A new Harvard study pokes holes in that conventional wisdom. The analysis published in the journal Energy & Environmental Science finds that the supply of wind and solar power could be increased tenfold without additional storage.
Storage “is not the only strategy to achieve a low-carbon electricity grid,” according to coauthor Hossein Safaei. “Low capital cost in addition to good emissions performance make gas turbines cost-effective carbon mitigation candidates. Moreover, dispatchable zero-carbon generation technologies such as hydropower, nuclear, and biomass can be deployed instead of, or in conjunction with, the intermittent renewables.”
These alternatives will give researchers enough time to develop ways to decrease the cost and bulk of energy storage.
“There’s no question that it would be better to have more and better storage and a sensible long-term strategy for the grid will have much more storage than today,” said coauthor David Keith, Gordon McKay Professor of Applied Physics at Harvard John and Paulson School of Engineering and Applied Sciences (SEAS) and Professor of Public Policy at the Harvard Kennedy School. “But you don’t have to wait for that before deploying more variable renewables.”
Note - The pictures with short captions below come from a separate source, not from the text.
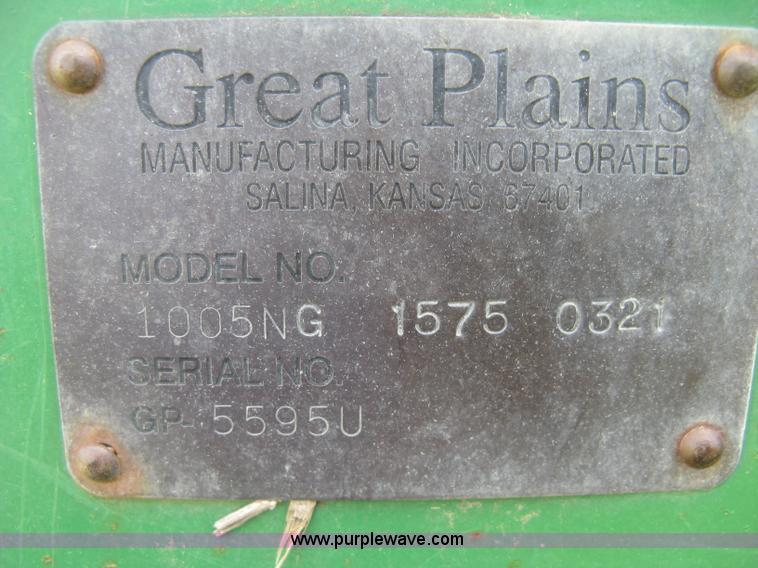 image for item K8748 Great Plains 1005NG no-till drill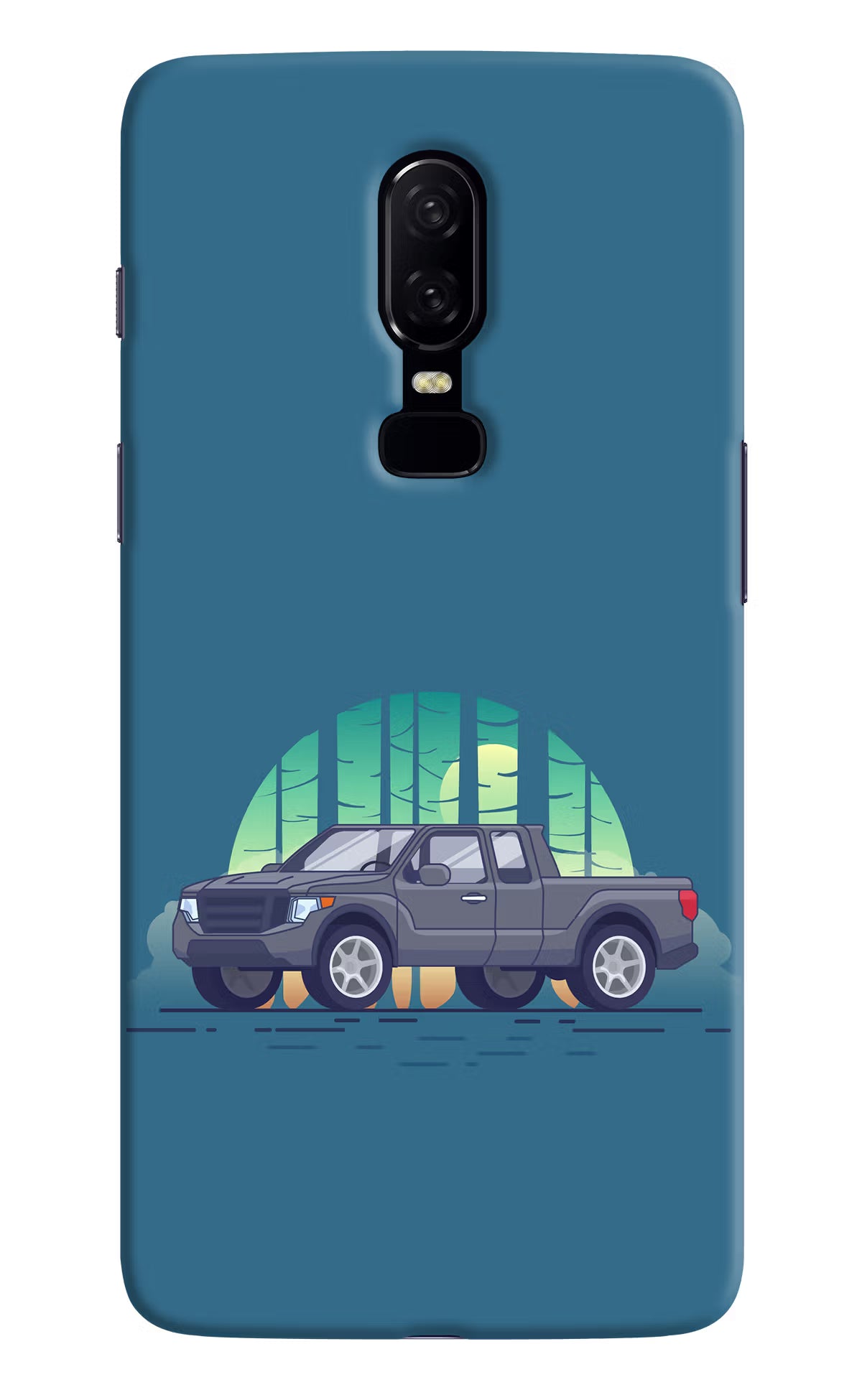 Retro Garage Vibe Oneplus 6 Hard Case Back Cover by Casekaro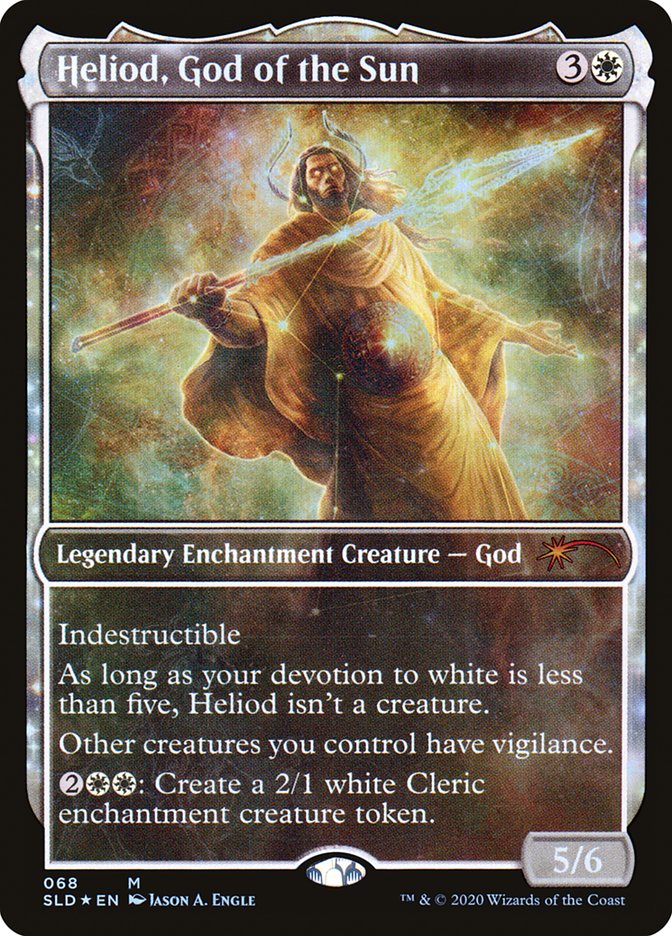 Heliod, God of the Sun (68) - [Foil, Showcase] Secret Lair Drop (SLD)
“We’re trying to knock out a salient policy meme that says that you can’t grow variable renewables without a proportionate increase in storage,” Keith said. “We could cut electric-sector carbon emissions to less than a third their current levels using variable renewables with natural gas to manage the intermittency, but this will requires us to keep growing the electricity transmission infrastructure.” Keith added, “There is a saw-off between transmission and storage, if siting battles stop new transmission then we must increase storage.”